Generalities: We review the definition of Riemann sum for the function $f(x)$ over the interval $[a,b]$, where $a\lt b$.
First we take points $a=x_0\lt x_1 \lt x_2\lt \cdots \lt x_n=b$. Suppose that for every with $1\le i\le n$, we choose a point $w_i$ in the interval $[x_{i-1}, x_{i}$. Then $$(x_1-x_0)f(w_1)+(x_2-x_1)f(w_2)+(x_3-x_2)f(w_3)+\cdots +(x_n-x_{n-1}f(w_{n})$$ is a Riemann sum for our function.
Often the $x_i$ are equally spaced. Then $x_{i}-x_{i-1}=\frac{b-a}{n}$, and the Riemann sum takes the simpler form $$\frac{b-a}{n}\left(f(w_1)+f(w_2)+f(w_3)+\cdots +f(w_{n})\right).$$
You have met fairly often the special case where $w_i$ is chosen to be the left end of the interval $[x_{i-1},x_{i}]$. This is called a left Riemann sum. But we can alternately choose $w_i$ to be the right end of the interval for all $n$. That's the right Riemann sum.
In general, we can choose $w_i$ arbitrarily in the appropriate interval. We need not choose the point $w_i$ by the same "rule" in every interval. The choice of $w_i$ is absolutely free, as long as each is in the correct interval.

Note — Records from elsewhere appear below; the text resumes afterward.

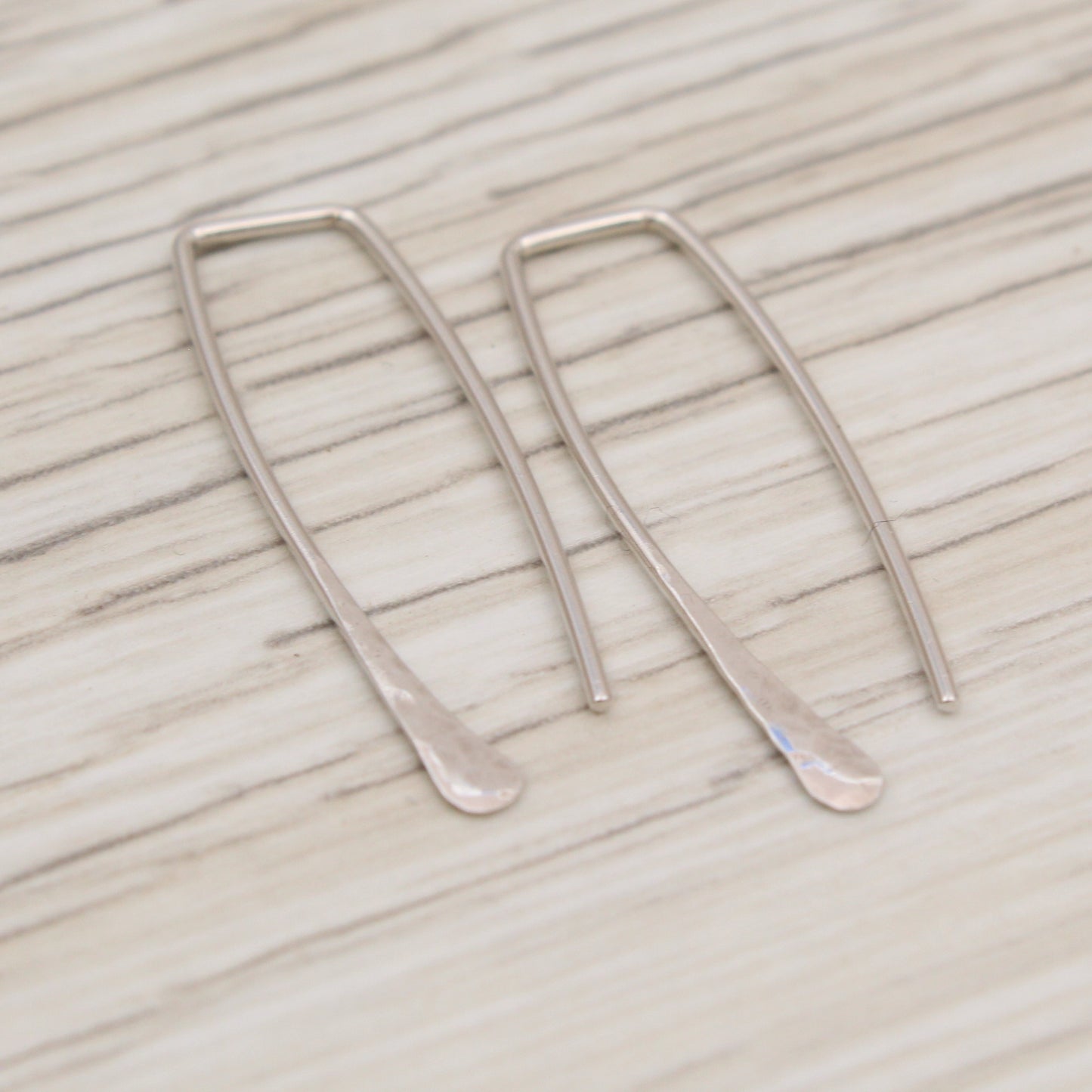 #3117 Minimalist Hammered Open Rectangle Hoops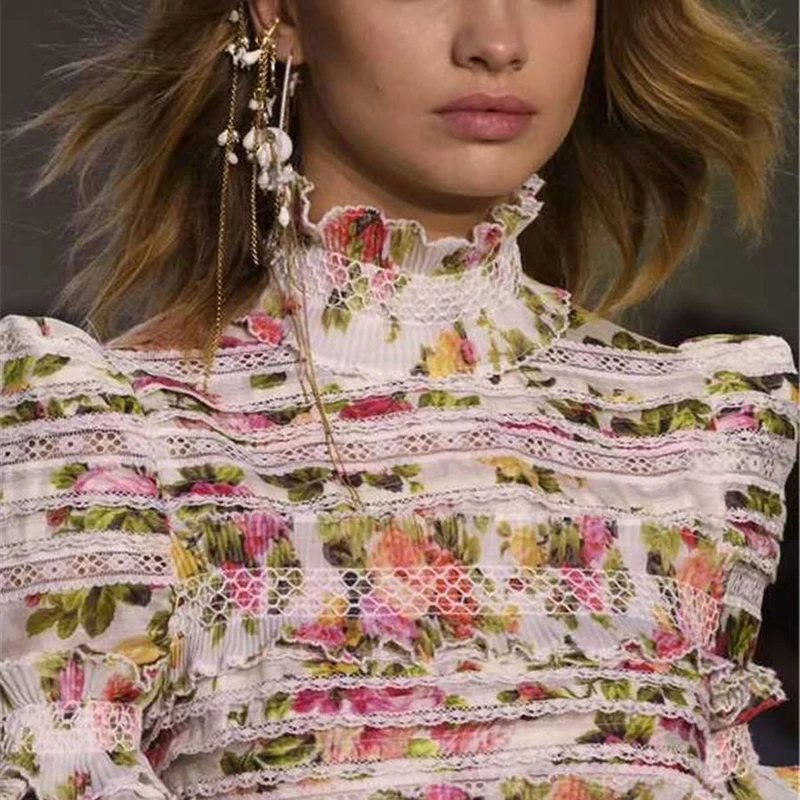 Summer-High-Quality-2-Piece-Sets-Women-Sleeve-Long-Floral-Printed-Lace-Shivering-Shirts-Sexy-Mini (2)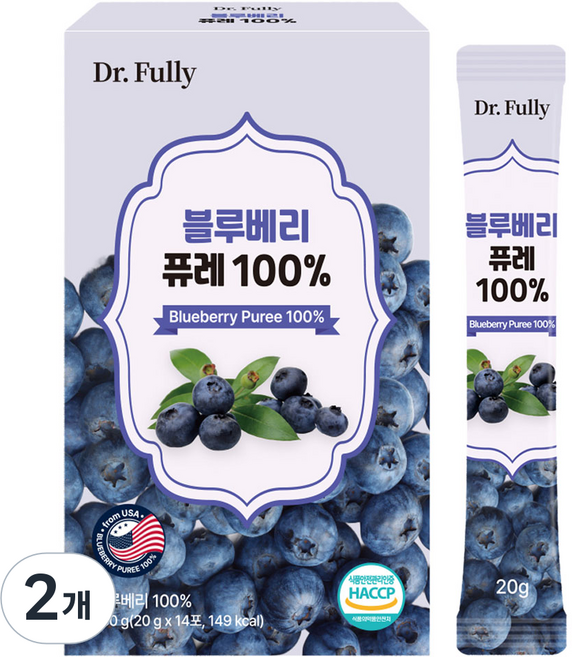 닥터풀리 블루베리 퓨레 100% 14p, 2개, 280g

This particular case: In this case, the authors have used a rule for picking the $w_i$. Each $w_i$ is the midpoint of the appropriate interval. Actually, for numerical purposes, that's often a good idea, for then the value $f(w_i)$ is more likely to be close to the "average" value of $f$ in that interval. However, here the purpose is not numerical.
Let's do the details in this case. We have $a=0$ and $b=\pi$. So $x_k=\frac{k \pi}{n}$.
The midpoint of the interval $[x_{i-1},x_{i}]$ is then $\frac{1}{2n}\left ((i-1)\pi +i\pi \right)$. This simplifies to $\frac{(2i-1)\pi}{2n}$.
So we have chosen $w_i=\frac{(2i-1)\pi}{2n}$.
Finally, add up $i=1$ to $n$. The first evaluation point $w_1$ is $\frac{\pi}{2n}$, the second is $\frac{3\pi}{2n}$, and the last evaluation point $w_n$ is $\frac{(2n-1)\pi}{2n}$, exactly as in the formula you quoted.